今回のウイルスはいったいどこから来たのか?現時点での遺伝子解析の結果では、ウイルスの遺伝子変異の系統は欧州から分岐したものに属することが判明している。しかし、単に「欧州起源」と述べるのはあまりにも大雑把で、誤解を招く恐れがあると専門家は指摘する。

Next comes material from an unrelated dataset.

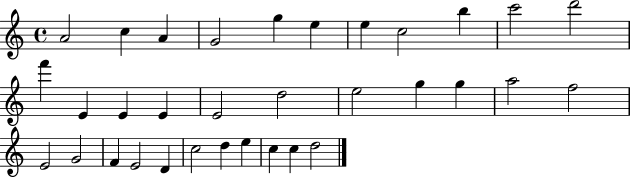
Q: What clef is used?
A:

6月15日、中国疾病予防管理センターは同センター主催の会議において、3日前にウイルス感染が発生した地区において実験施設を立ち上げ、北京での核酸検査(PCR検査など)を1000件余り実施したことを明らかにした。6月13日には、関係する感染サンプルのすべての遺伝子と遺伝子配列の測定・解析をすでに完了し、初期段階の見解を示している。現在はウイルスの感染源を究明中だ。

ウイルスは欧州から流入したのか?

新しい感染例についてすでに公表された疫学的な調査の結果はすべて、新発地卸売市場(訳注:北京市南西部の豊台区にある北京最大の農産物卸売市場)が感染源であることを指し示している。「新発地市場がウイルスの感染源を疫学的に調査する上で、もっとも重要なポイントだ」と、共産党北京市委員会宣伝部副部長である徐和建氏は北京で開かれた記者会見で述べている。

本記事は「財新」の提供記事です

現在すでに遺伝子解析が完了したウイルスサンプルの系統については基本的に専門家の意見が一致する。北京市疾病予防管理センターの研究員である楊鵬氏は、6月14日夜に中国中央テレビ(CCTV)のインタビューを受け、「すべての遺伝子解析の結果、ウイルスは欧州方面のものであることがわかった。初期段階での見解としては、感染源は国外から持ち込まれたものに関連すると考えられる」と述べた。